Dataset records -
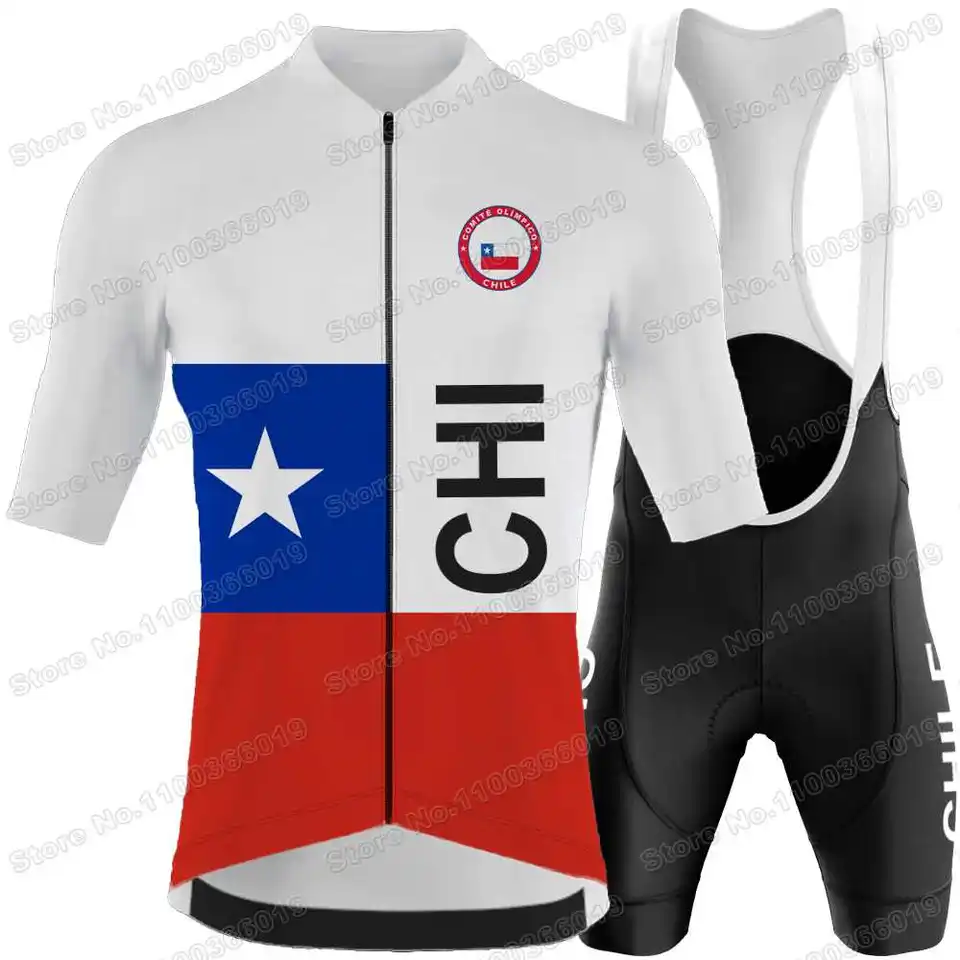 Tenue Cycliste équipe Nationale Chili - Veste XL Cuissard M - Manches Longues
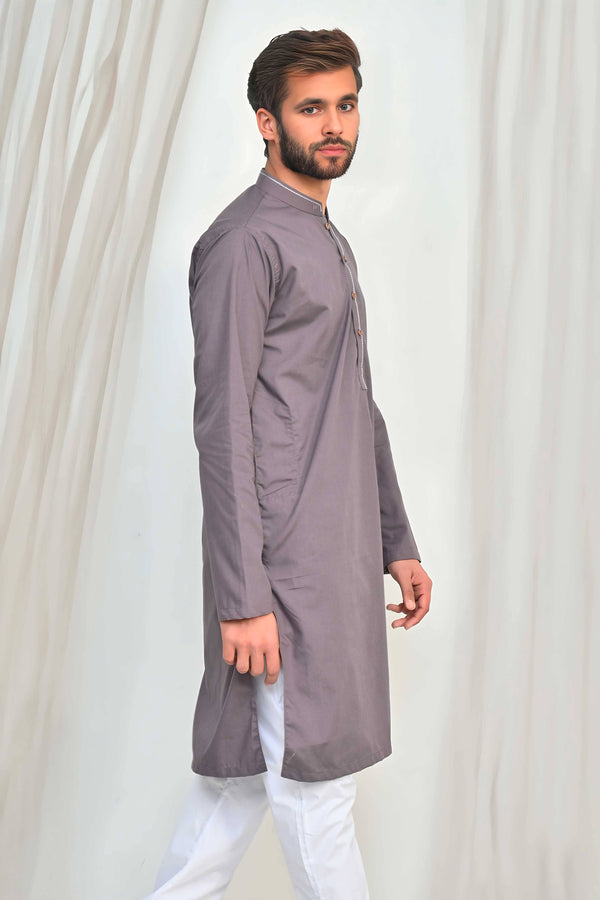 Elo Hud Hud Men's Eindhoven Mandarin Collar Stitched Suit Kurta With Trouser Plum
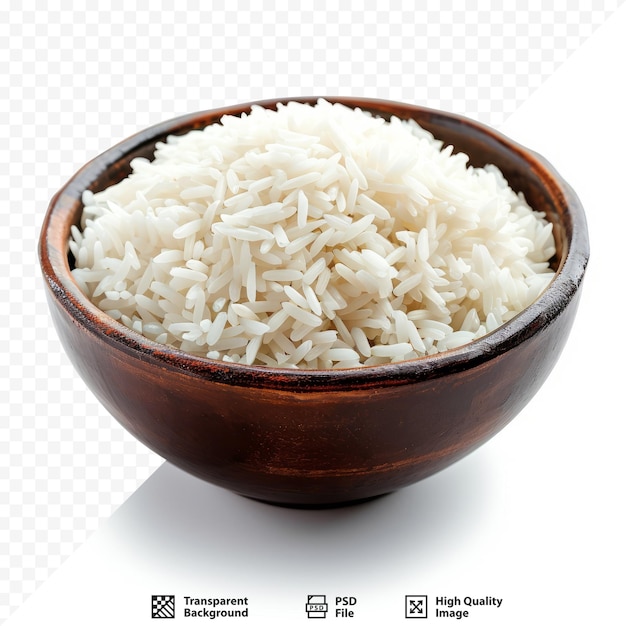 PSD bowl of cooked rice in isolated white isolated background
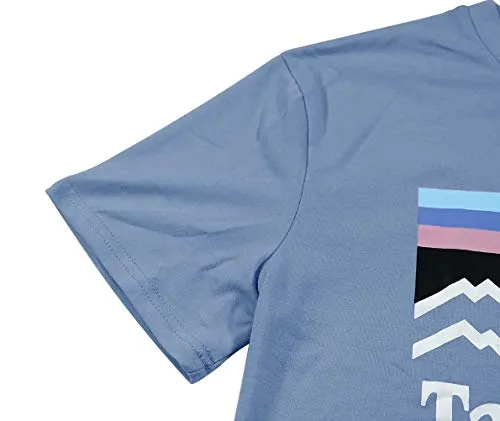 HDLTE Women Casual Tee Take A Hike Letters Printed Round Neck Short Sleeve T-Shirt (Blue, XL)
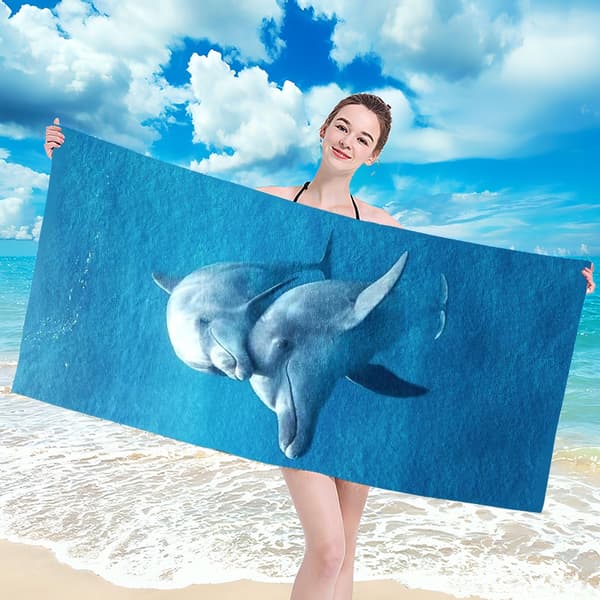 Strandhandduk 100x180 blå delfiner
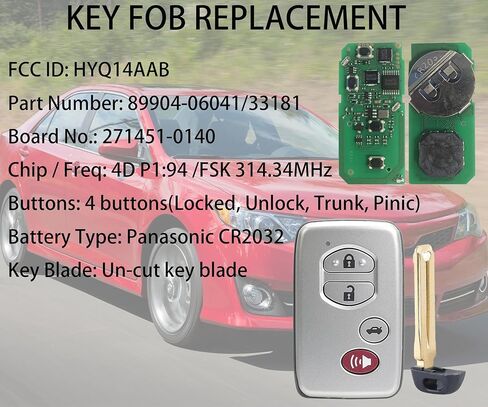 المفتاح الذكي لتويوتا RAV4 2008-2012، Alliskeys Key Fob مناسب لـ HYQ14AAB 271451-0140 89904-48100 in Kuwait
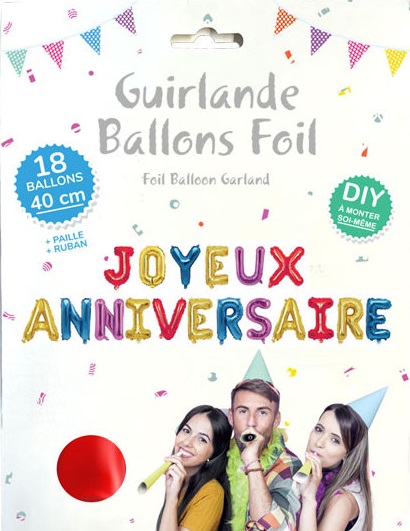 Guirlande de Ballons “Joyeux Anniversaire” 40 cm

Your objective -
Retype word for word the span of lines above that begins with the line containing "HDLTE Women Casual" and ends with the last line of the records; skip all pictures.

Completed task -
 HDLTE Women Casual Tee Take A Hike Letters Printed Round Neck Short Sleeve T-Shirt (Blue, XL)
 Strandhandduk 100x180 blå delfiner
 المفتاح الذكي لتويوتا RAV4 2008-2012، Alliskeys Key Fob مناسب لـ HYQ14AAB 271451-0140 89904-48100 in Kuwait
 Guirlande de Ballons “Joyeux Anniversaire” 40 cm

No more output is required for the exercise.